The Association of Southeast Asian Nations (ASEAN) did better with Burma, successfully pressuring it to relinquish its 2006 chairmanship because of its disastrous human rights record.
Mexico took the lead in convincing the United Nations Commission on Human Rights to maintain a special rapporteur on protecting human rights while countering terrorism.
Kyrgyzstan stood up to intense pressure from its powerful neighbor, Uzbekistan, to rescue all but four of 443 refugees from the Andijan massacre, and Romania accepted the rescued refugees for temporary resettlement pending long-term relocation.
Still, governments from the developing world were hardly consistent themselves in defending human rights.
Some of them took the lead, for example, in undermining the U.N. Commission on Human Rights and trying to prevent the emergence of an improved successor, the proposed U.N. Human Rights Council.

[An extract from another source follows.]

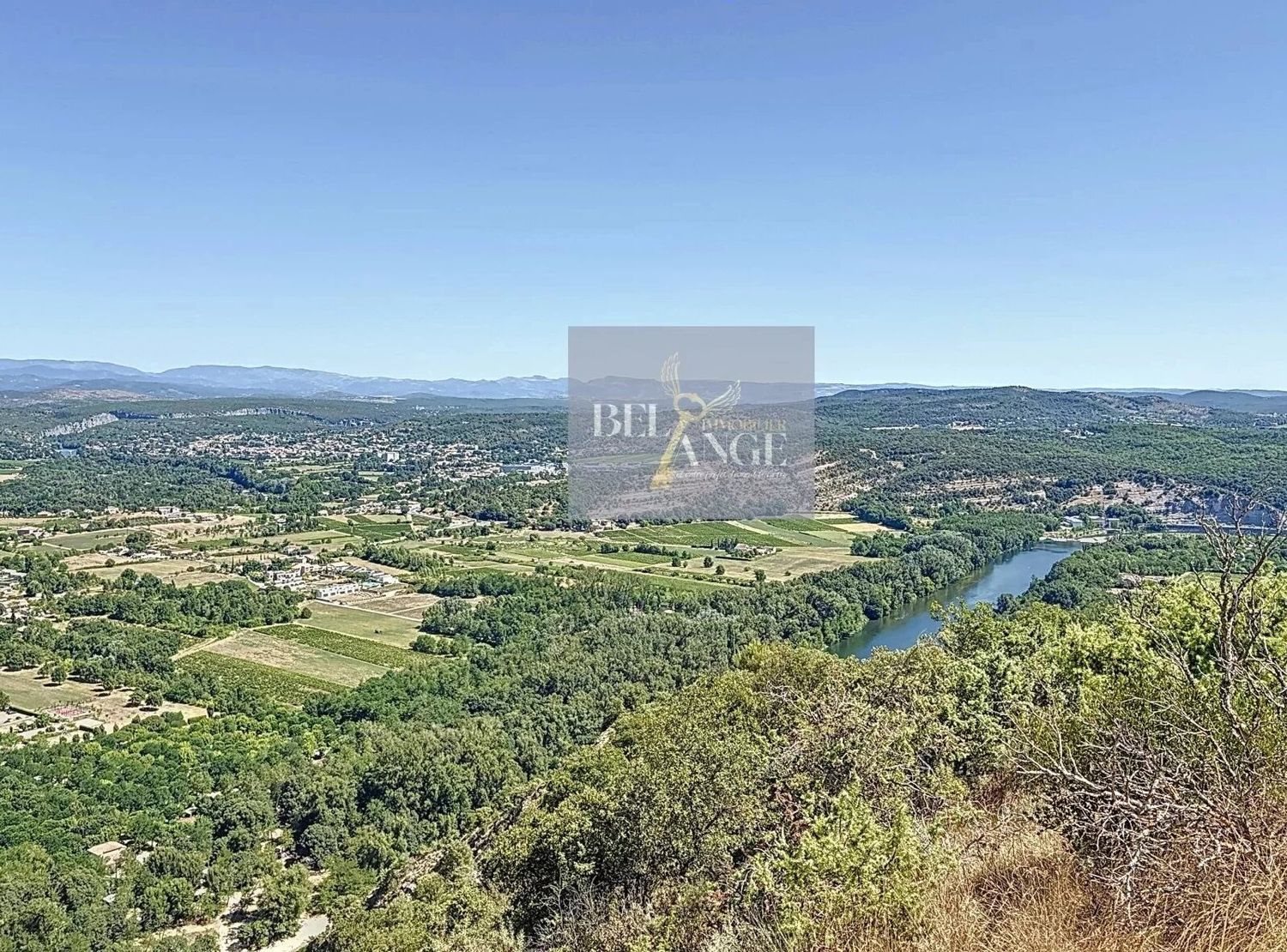 Maison à vendre, 175m², Sampzon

Others prevented the U.N. General Assembly from condemning ongoing ethnic cleansing in Darfur.
Moreover, even those that showed a genuine commitment to human rights lacked the influence to make up for reduced Western backing.
At the multilateral level, there was also some good news to report in 2005. The International Criminal Court advanced with the filing of its first indictments — on Uganda — and the U.N. Security Council's first referral to it of a case — Darfur.
A U.N. committee concluded negotiations on a new convention to combat enforced disappearances, and fifteen African countries adopted a new protocol on the rights of women.
A summit of world leaders at the United Nations endorsed a Canadian-sponsored concept of a global "responsibility to protect" people facing mass slaughter.
They took preliminary steps toward strengthening the organization's human rights machinery, but as this report went to press in late November, major questions remained about the fate and definition of the proposed Human Rights Council.